Fix It Before The Mix: 10 Tips For Sound Design
7) Add Expression
Synthesizers and samplers can all too easily sound dead and sterile. Most of them offer various ways to modulate the sound expressively from note to note, but it’s up to you to learn to use these features.
After selecting a preset, check to see what happens when you move the mod wheel. The wheel may add vibrato or open up the filter, for example. If you don’t like what you’re hearing, edit the preset to change it. The vibrato LFO may be running at a fast, nervous speed, for instance, in which case your wheel moves may sound much better if you slow down the LFO rate.
If you have a hardware controller with a bank of sliders, learn to use the MIDI Learn functions of your synth. You’ll probably be able to assign each front-panel control to a different slider. Parameters like LFO rate, filter overdrive, filter-envelope amount, and delay wet/dry mix are natural choices for slider assignments.
Fig. 4: The arpeggiator in Native Instruments FM8 has rows for rests, tied notes, velocity accents, transposition, and more. Editing these rows is a quick way to come up with a new pattern that works with the groove and harmony of a song.
8) Edit The Piano Roll
Sometimes the sound you’ve selected may be perfect. The problem may be in the MIDI data you’ve recorded. The solution, in that case, is to edit the track, not the sound.
If a few specific notes are popping out of the mix, or getting lost, edit the velocities of the offending MIDI notes. Yes, hand-editing is tedious, but applying the pencil tool to a few notes while leaving the rest alone will quite likely preserve the good live qualities of the track while banishing the glitches.
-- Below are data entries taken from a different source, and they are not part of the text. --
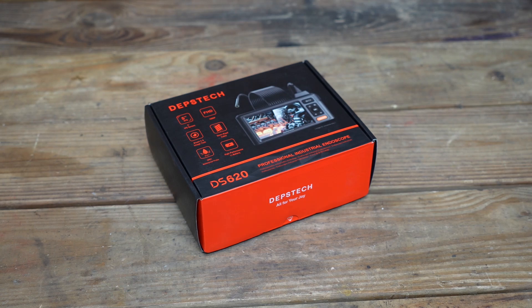New Tool Day Tuesday, where I share with you guys unique or useful tools that I myself use and think you might be interested in.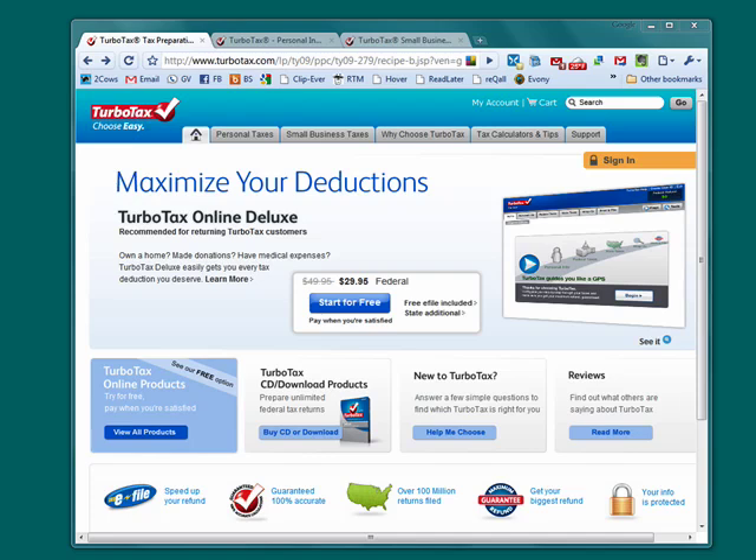Hi, this is Mike Callahan, Dr. Follifinder, and welcome to our special Butterstash.com 10-part series on online tax preparation with TurboTax. In this 10-part series, we'll be showing you the very basics of doing your taxes online with TurboTax.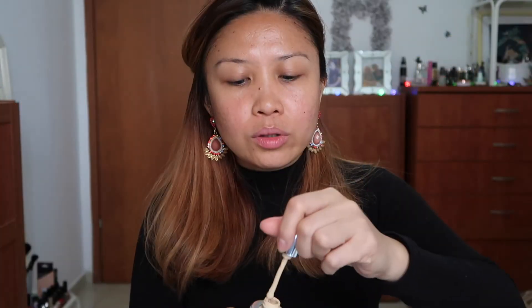It says that before you use this foundation you shake it, and the desired amount you put on your face is only three to four drops. I'm going to wear this product the whole day — it's only nine o'clock. I'll be back later to give a fuller review. I'm using my beauty blender, and I'll only be using one coat at a time. This is very liquidy.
I always pay close attention to when the MIDI notes end. With a sequenced bass part, for instance, the gaps between notes have a huge impact on the feel. With a long sustaining chord wash, ending the notes slightly earlier may leave just the right amount of space for a drum fill. Be sure to turn off the sequencer’s “snap to grid” feature before editing the ends of notes, and zoom in so you can make small edits.
Some software synths have versatile arpeggiators (Fig. 4). Or maybe we should call them “step sequencers”: You may be able to edit the note length, velocity, and pitch of single steps within a complex moving pattern. Here again, a certain note may pop out in a way that distorts the feel of your song’s groove. Or a note may be on the wrong pitch for the harmony. A few quick edits will give you a pattern that works better, while also adding a modest amount of originality.
Fig. 5: In Zebra 2.5 from U-he software, you can apply distortion in several ways. The filter called VCF1 (middle left) has a drive knob, which is cranked up, and the filter’s output is passing through a waveshaper, which has depth and edge parameters. The filter and Shaper 1 are separate for each voice. At lower right, another waveshaper has been applied as an effect. It will process all of the notes of a chord together, adding more distortion.
Distortion is a staple of aggressive rock styles. In a synthesizer, there are two ways to apply it: in the filter, or as an effect (Fig. 5). They’re very different. Filter overdrive can fatten up the tone, but the result will likely be cleaner than adding overdrive in the synth’s effects area.
If you play two or more notes at once, each note gets its own filter (and other modules). As a result, filter overdrive affects only one note at a time. Play a five-note chord, and each note is overdriven separately by its own filter.
The signals from all of the notes are then combined and sent to the effects. When you apply an overdrive or distortion effect, it processes all the notes together. If you play only one note at a time, you may not hear any difference. But if you play two or more notes, you’ll hear inter-modulation between them. This is a much thicker, more dangerous sound.
One of my favorite tricks for patching lead synth sounds is to run the tone through a delay line set to an eighth-note or sixteenth-note delay, and then apply a distortion effect to the output of the delay. When I play a sustained note, the distortion doesn’t do much. But when I play a rapid lick, the delay line causes several notes to stack up on their way into the distortion module. The distortion then twists my fast run into a moment of nastiness.